Manuel Santoro

Segretario politico nazionale di Convergenza Socialista

Sul ridimensionamento dei grandi istituti bancari e finanziari.

Una opportunità per la politica.

Dall’analisi dei processi monetari globalizzati emerge la necessità, per la politica, di focalizzarsi sul ruolo delle banche centrali e commerciali. E’ stato più volte ricordato come la leva monetaria sia in mano alle banche centrali le quali influenzano gli atteggiamenti macroeconomici delle società tramite l’innalzamento o l’abbassamento dei tassi d’interesse oppure, nei casi di carenza di liquidità, tramite l’immissione di moneta nel sistema economico in cambio di debito pubblico. Andrebbe anche posta, alla politica, la domanda se ha senso che la percentuale di riserva di cui le banche commerciali tengono conto nel processo di creazione di denaro, sotto forma di prestiti e, quindi, di nuovi depositi, debba essere pari all’1% in EU (dal 18 Gennaio 2012) e all’interno della forbice (0%, 10%) negli USA, scaglionata per valore di deposito.

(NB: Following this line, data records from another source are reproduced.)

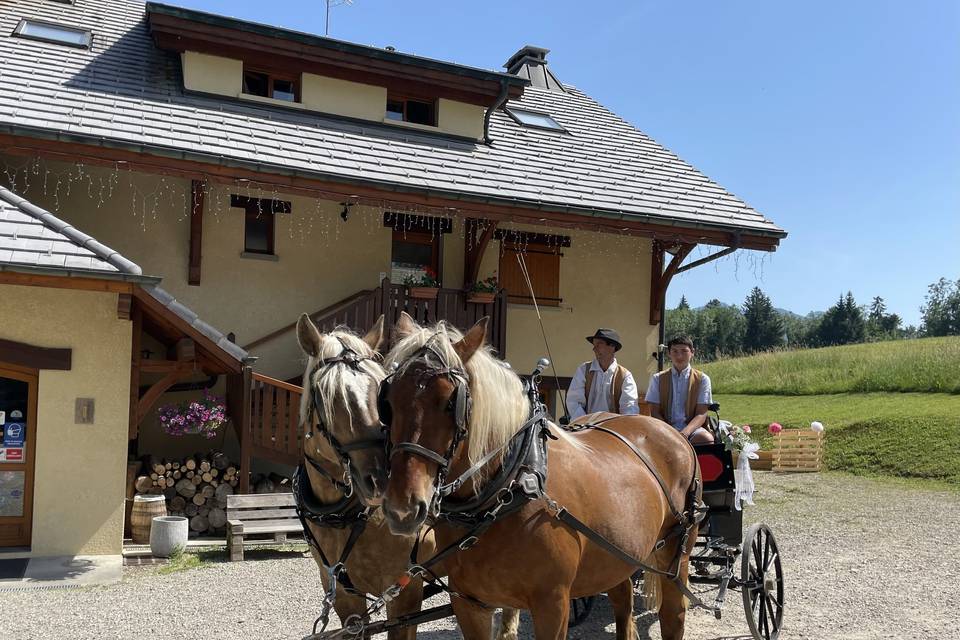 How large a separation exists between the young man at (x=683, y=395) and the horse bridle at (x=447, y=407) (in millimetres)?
3427

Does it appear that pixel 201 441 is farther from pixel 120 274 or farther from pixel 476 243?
pixel 476 243

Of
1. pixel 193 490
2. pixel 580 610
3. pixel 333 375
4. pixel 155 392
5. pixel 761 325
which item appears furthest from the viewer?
pixel 761 325

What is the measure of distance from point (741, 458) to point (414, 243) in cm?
756

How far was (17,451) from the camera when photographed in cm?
818

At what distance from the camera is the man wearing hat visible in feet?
20.1

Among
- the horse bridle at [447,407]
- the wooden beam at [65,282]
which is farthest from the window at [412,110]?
the horse bridle at [447,407]

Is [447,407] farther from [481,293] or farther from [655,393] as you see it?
[481,293]

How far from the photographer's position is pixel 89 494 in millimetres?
8117

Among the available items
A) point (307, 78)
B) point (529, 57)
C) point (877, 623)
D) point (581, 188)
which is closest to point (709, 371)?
point (529, 57)

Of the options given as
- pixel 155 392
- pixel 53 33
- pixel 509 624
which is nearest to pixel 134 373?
pixel 155 392

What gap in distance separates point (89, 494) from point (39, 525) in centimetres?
55

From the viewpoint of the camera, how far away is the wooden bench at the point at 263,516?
859 centimetres

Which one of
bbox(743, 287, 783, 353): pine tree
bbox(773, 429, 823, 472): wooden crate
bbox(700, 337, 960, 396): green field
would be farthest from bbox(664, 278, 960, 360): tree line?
bbox(773, 429, 823, 472): wooden crate

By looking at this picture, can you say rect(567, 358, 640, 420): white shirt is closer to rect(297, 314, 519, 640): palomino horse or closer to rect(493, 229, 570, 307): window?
rect(297, 314, 519, 640): palomino horse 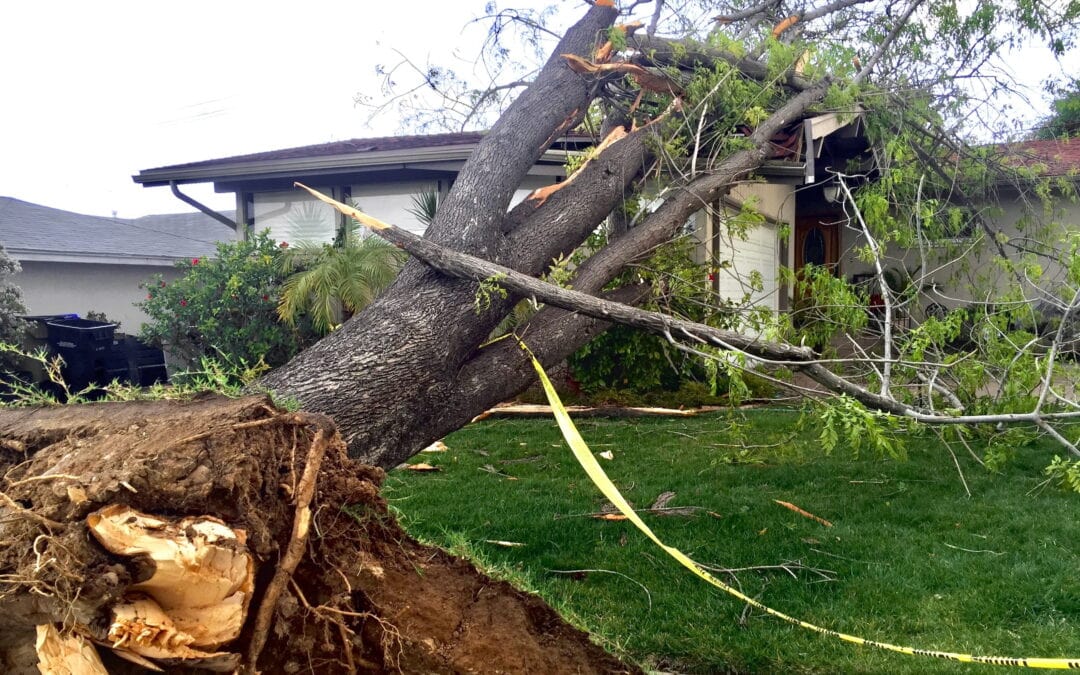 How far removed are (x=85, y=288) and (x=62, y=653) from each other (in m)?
13.8

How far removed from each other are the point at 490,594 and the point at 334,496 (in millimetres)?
619

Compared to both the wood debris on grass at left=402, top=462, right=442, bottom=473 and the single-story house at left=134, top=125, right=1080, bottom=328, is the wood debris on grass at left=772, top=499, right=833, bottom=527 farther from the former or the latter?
the single-story house at left=134, top=125, right=1080, bottom=328

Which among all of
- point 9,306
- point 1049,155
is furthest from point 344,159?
point 1049,155

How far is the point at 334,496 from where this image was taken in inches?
90.5

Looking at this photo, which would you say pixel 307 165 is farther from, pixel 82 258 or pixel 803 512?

In questo quadro, il ruolo delle grandi banche commerciali diventa preoccupante per la loro portata sistemica intrinseca. Esse sono state definite “too big to fail” (troppo grandi per fallire) in quanto il fallimento di una di esse potrebbe avere conseguenti enormi su tutto il sistema bancario internazionale. Sarebbe opportuno che venissero non solo monitorate ma, soprattutto, ripensate.
In effetti, prima del collasso della Lehman Brothers, in molti avevano pensato che il governo americano avrebbe coperto i debiti della banche maggiori nel caso, tali banche, fossero state costrette al fallimento. La decisione di non aiutare la Lehman spiazzò molti e fu drammatica per tutto il sistema bancario in quanto causò una serie di onde d’urto che attraversò l’intero sistema bancario e costrinse il governo americano a ricredersi e ad assicurare i mercati che nessuna altra grande banca sarebbe stata lasciata sola. In questa ottica il Congresso legiferò il Troubled Asset Relief Program (TARP) che veicolava miliardi di dollari nelle casse delle banche. Misure maggiori furono anche prese nei confronti di due istituti bancari tra i più grandi. Citigroup e Bank of America.
Continuando, la legge di riforma finanziaria Dodd-Frank, susseguente alla crisi, era stata pensata per arginare possibili (o probabili) crisi future imponendo una maggiore regolamentazione dei derivati, la creazione di una nuova agenzia per la protezione dei consumatori ed, infine, nuovi poteri al Governo per lo smantellamento delle banche in fallimento. Quello che, sfortunatamente, non fu preso in considerazione fu lo smantellamento dei grandi gruppi bancari e finanziari in gruppi più piccoli e, quindi, non più sistemici. A quattro anni dai primi vagiti della crisi finanziaria, il “downsizing” (ridimensionamento) dei grandi gruppi bancari e finanziari rimane il tema su cui la politica internazionale e nazionale deve focalizzarsi.
Possiamo, per esempio, prendere in considerazione il capitale complessivo di alcune delle banche più grandi al mondo (Giugno 2011, FMI):
1. Bank of America Corp., $2.264,00 miliardi
2. J.P. Morgan Chase & Co., $2.246,00 miliardi
3. Citigroup, $1.957,00 miliardi
4. Wells Fargo & Co., $1.260,00 miliardi
5. Goldman Sachs Group, $937,00 miliardi
6. Morgan Stanley, $831,00 miliardi
L’ammontare totale è di $9.495,00 miliardi, pari al 65% del P.I.L. degli Stati Uniti d’America.
Volendo avere, ora, una idea approssimativa delle dimensioni di questi istituti bancari, basta dire che (dati 2011 per PIL nominale):

1. il capitale complessivo di Bank of America si colloca tra il P.I.L. di UK ($2.250,00 miliardi) e il P.I.L. della Francia ($2.562,00 miliardi)
2. il capitale complessivo di J.P. Morgan si colloca tra il P.I.L. del Brasile ($2.090,00 miliardi) e il P.I.L. di UK ($2.250,00 miliardi)
3. il capitale complessivo di Citigroup si colloca tra il P.I.L. dell’India ($1.631,00 miliardi) e il P.I.L. dell’Italia ($2.055,00 miliardi)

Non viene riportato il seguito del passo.